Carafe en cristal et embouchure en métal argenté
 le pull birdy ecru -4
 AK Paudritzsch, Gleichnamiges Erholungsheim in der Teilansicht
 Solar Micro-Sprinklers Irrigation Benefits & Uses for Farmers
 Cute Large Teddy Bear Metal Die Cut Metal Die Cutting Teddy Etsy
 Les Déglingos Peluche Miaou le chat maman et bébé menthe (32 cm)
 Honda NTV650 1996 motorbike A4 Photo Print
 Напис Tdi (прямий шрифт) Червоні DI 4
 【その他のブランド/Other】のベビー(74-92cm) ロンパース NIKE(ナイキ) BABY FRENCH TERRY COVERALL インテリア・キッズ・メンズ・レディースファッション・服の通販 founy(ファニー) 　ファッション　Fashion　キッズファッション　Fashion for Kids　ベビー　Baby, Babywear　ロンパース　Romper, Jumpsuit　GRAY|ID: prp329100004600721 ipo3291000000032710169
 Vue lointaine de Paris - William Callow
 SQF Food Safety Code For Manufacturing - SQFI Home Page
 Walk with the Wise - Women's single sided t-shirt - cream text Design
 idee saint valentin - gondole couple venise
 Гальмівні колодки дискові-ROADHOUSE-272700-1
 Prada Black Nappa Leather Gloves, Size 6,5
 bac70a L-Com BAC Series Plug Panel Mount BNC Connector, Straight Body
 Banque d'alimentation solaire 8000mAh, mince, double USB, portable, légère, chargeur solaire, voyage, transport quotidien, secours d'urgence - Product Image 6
== == ==
Copy out the material, keeping every line exactly as it is.

- **Output for this exercise**
Carafe en cristal et embouchure en métal argenté
 le pull birdy ecru -4
 AK Paudritzsch, Gleichnamiges Erholungsheim in der Teilansicht
 Solar Micro-Sprinklers Irrigation Benefits & Uses for Farmers
 Cute Large Teddy Bear Metal Die Cut Metal Die Cutting Teddy Etsy
 Les Déglingos Peluche Miaou le chat maman et bébé menthe (32 cm)
 Honda NTV650 1996 motorbike A4 Photo Print
 Напис Tdi (прямий шрифт) Червоні DI 4
 【その他のブランド/Other】のベビー(74-92cm) ロンパース NIKE(ナイキ) BABY FRENCH TERRY COVERALL インテリア・キッズ・メンズ・レディースファッション・服の通販 founy(ファニー) 　ファッション　Fashion　キッズファッション　Fashion for Kids　ベビー　Baby, Babywear　ロンパース　Romper, Jumpsuit　GRAY|ID: prp329100004600721 ipo3291000000032710169
 Vue lointaine de Paris - William Callow
 SQF Food Safety Code For Manufacturing - SQFI Home Page
 Walk with the Wise - Women's single sided t-shirt - cream text Design
 idee saint valentin - gondole couple venise
 Гальмівні колодки дискові-ROADHOUSE-272700-1
 Prada Black Nappa Leather Gloves, Size 6,5
 bac70a L-Com BAC Series Plug Panel Mount BNC Connector, Straight Body
 Banque d'alimentation solaire 8000mAh, mince, double USB, portable, légère, chargeur solaire, voyage, transport quotidien, secours d'urgence - Product Image 6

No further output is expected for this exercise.